Гавр не успел ответить, поскольку дверь распахнулась и в комнату влетел офицер царской армии, похожий на полковника Вершинина из чеховской пьесы.

– A а, ты здесь? – радостно выкрикнул он. – Слушай, одолжи пятьдесят долларов на месяц?

– Нету! – отмахнулся Гавр.

– Ну, марок?

– Тоже, Вася.

– Пойду, спрошу у помрежа, – повернулся к двери артист.

– На Малой сцене репетируют булгаковского «Мастера…», так ты лучше к Воланду загляни, – посоветовал Гавр. – Полные карманы набьешь… Вот что творится, – взглянул он на Веру, когда «полковник Вершинин» исчез. – Русский офицер, чеховский интеллигент, а бегает по всему театру за долларами.
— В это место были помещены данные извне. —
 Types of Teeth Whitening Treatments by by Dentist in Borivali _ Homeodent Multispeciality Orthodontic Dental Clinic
А просвещенный купец Лопахин, купив вишневый сад, сидит в буфете и пьет пепси, подсчитывая, хватит ли ему на гамбургер. До чего же Россию довели, да?

– Это плохая сказка. – Вера нахмурилась. – Мне она не нравится.
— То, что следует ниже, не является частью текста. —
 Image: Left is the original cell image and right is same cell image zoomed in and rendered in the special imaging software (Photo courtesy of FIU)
– Мне тоже, – вздохнул Гавр и посмотрел на часы. – «Синяя Птичка» уже летит, а мы еще не завтракали. Приглашаю тебя в служебный буфет, где не стреляют, как в «Глобусе», даже если ты столкнешься с людьми с автоматами. И вообще, место артиста в буфете.
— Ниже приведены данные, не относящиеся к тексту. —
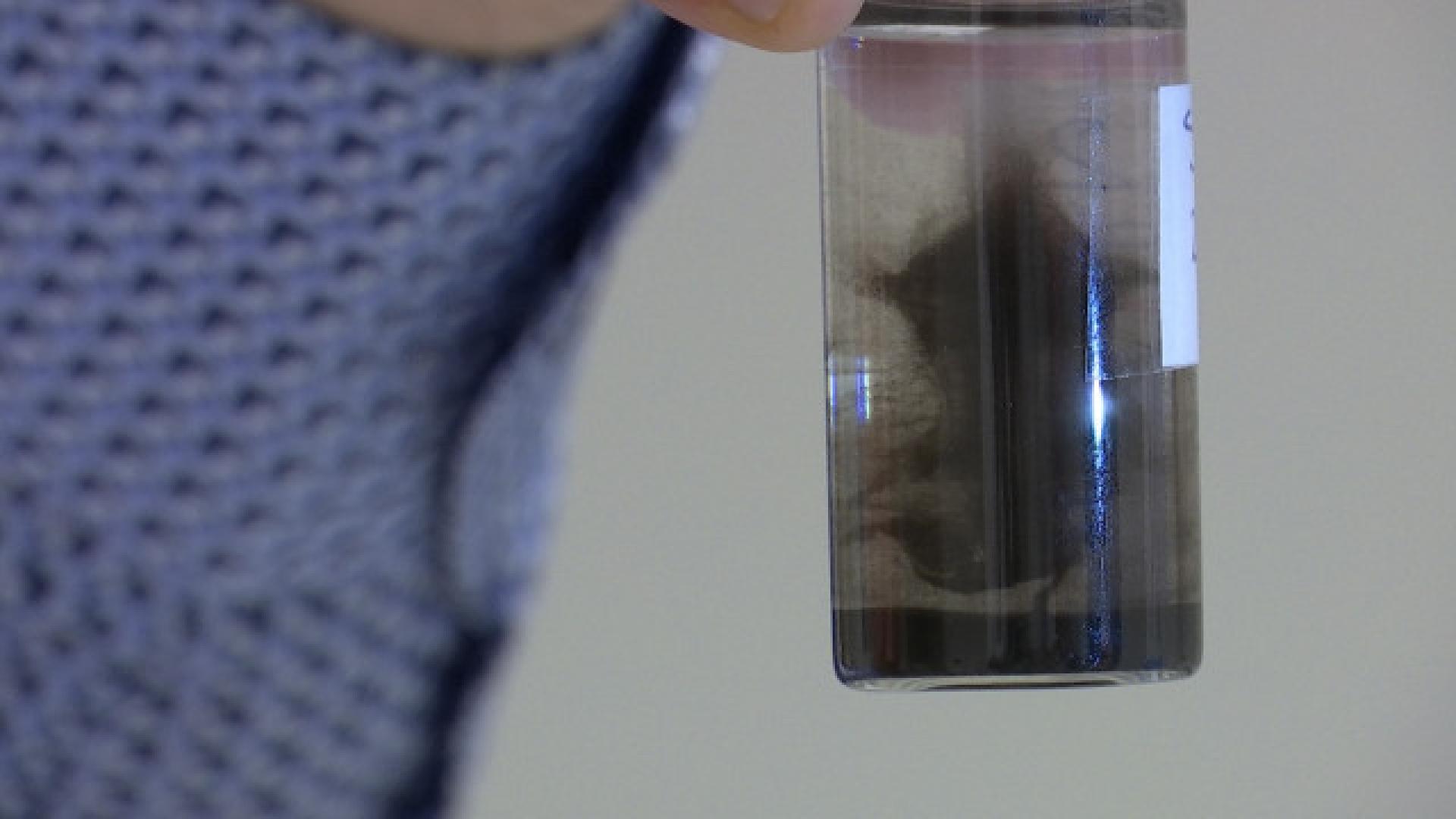 L’ULiège met au point un test automatisé de détection du Covid-19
В полумраке уютного зальчика, среди громких, неунывающих голосов, за маленьким столиком в глубине, к которому Гавру пришлось прокладывать путь через дружеские рукопожатия, Вера спросила:

– Но тебе самому то нравится твоя работа, театр?

Он пожал плечами, не зная, как правильнее ответить на этот вопрос.

– Полгода я писал диссертацию о театре девятнадцатого века, а потом бросил. Зачем, кому это сейчас нужно? Может быть, напрасно я кончал ГИТИС, изучал бы лучше бухгалтерский учет? Вот Говоров Митька – режиссер вчерашний – нашел свою нишу, припал к сосцам телевидения и тянет, тянет… А ведь мы с ним вместе начинали, еще в школе всякие капустники устраивали.

– Тебе не идет роль неудачника, Гавр, – сказала Вера.

– Ты права. – Он положил ладонь на ее руку. – Просто здесь все вокруг такие. И вон тот заслуженный артист, еле сводящий концы с концами, и та народная артистка, которой аплодировали столицы мира и которая теперь одиноко живет в своей убогой квартирке с болонкой. А сумевшие выгодно продать себя – плавают и не тонут. Все они несчастны и неустроены, но из последних сил играют роли счастливцев. Прожив по сто жизней на сцене, они так и не сумели хоть немного разобраться в своей собственной. Такими могут быть только абсолютно безумные люди, и я люблю их за это…

Гавр легко поднялся, пошел к стойке, а по дороге с кем то заговаривал, кому то улыбался, шутил, и Вере отчего то было приятно наблюдать за ним. Она даже откинулась к спинке стула, прячась поглубже в тень. Всего пятнадцать часов длилось их знакомство, а кажется, прошло несколько месяцев. Так растут только причудливые растения с красными цветками, орошаемые лунной росой, когда все земное вокруг спит или дремлет.

Когда они допили кофе, Гавр протянул руку.

– Пойдем, – сказал он. – Пойдем за Синей Птицей. Тем более что второе действие уже началось, и Митя Говоров вот вот лопнет от бешенства.

– Как, и он здесь?

– Ну да, ждет в директорской ложе, она же и правительственная, но в которой никто никогда не сидит. Мы договорились встретиться еще вчера. Я хочу предложить ему свою программу на телевидении, – пояснил он на ходу, ведя Веру по коридорам и лестницам.